The carbon was captured at the Ineos oxide plant in Antwerp, liquefied and transported by ship to the Danish port of Esbjerg. It is a global first in for cross-border offshore CO2 storage to mitigate climate change, Ineos said. The first storage is of around 15,000 t/CO2, to prove viability, the consortium said. "It's the first time we see a full value chain", Wintershall chief executive Mario Mehren said today.
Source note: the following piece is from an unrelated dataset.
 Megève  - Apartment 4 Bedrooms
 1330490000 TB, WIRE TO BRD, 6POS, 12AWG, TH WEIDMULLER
The consortium must still submit a development plan for approval to the Danish government. This could be ready late this year, Greensands project director Soren Reinhold Poulsen said. The Danish government awarded Wintershall and Ineos a CO2 storage permit for the pilot phase last month. The process had to be "close to" carbon-neutral in order to be granted the permit, Ineos said. But the exact emissions calculations of liquefying and transporting the CO2 have not yet been made, because the project is not yet at a commercial stage, Ineos Energy chief executive David Bucknall said.
Wintershall and Ineos head the 23 companies which make up the Greensands consortium. The Danish government awarded the project a grant of around €25mn ($26mn), which allowed the companies to complete the pilot phase, Ineos said.
But further government help is needed to create frameworks and policy for the CCS sector, for both the capture and storage aspects, executives said. "Governments will have to put in place incentives", Ineos Energy executive chairman Brian Gilvary said today.
The European commission will later this year publish a "comprehensive strategy" on carbon capture, usage and storage, commission president Ursula von der Leyen said today. "We need to remove carbon", on top of mitigation efforts, she added.
And a first tendering project for capturing CO2 in Denmark will launch "in the months to come", with more to follow, Danish energy minister Lars Aagaard said. "There is no chance in hell that we will meet [Paris targets] without CO2 storage", he added.
A final investment decision for Greensands is planned for the first half of 2024, and the project could start up in 2025.
The cross-border transport required a bilateral agreement between Belgium and Denmark, as cross-border transport of CO2 for subsea storage is otherwise prohibited by the London Protocol. An amendment to the Protocol allows the cross-border transport of CO2 for long-term storage, but has not been ratified by sufficient signatories.
"Denmark is likely to become one of the carbon sinks of the world", owing to CCS, Gilvary said. Speakers pointed to the country's geological advantages for CCS, noting that European heavy emitters such as Germany could store carbon in North Sea sites. "We're in contact with German emitters" that need abatement solutions, Wintershall chief technology officer Hugo Dijkgraaf said today.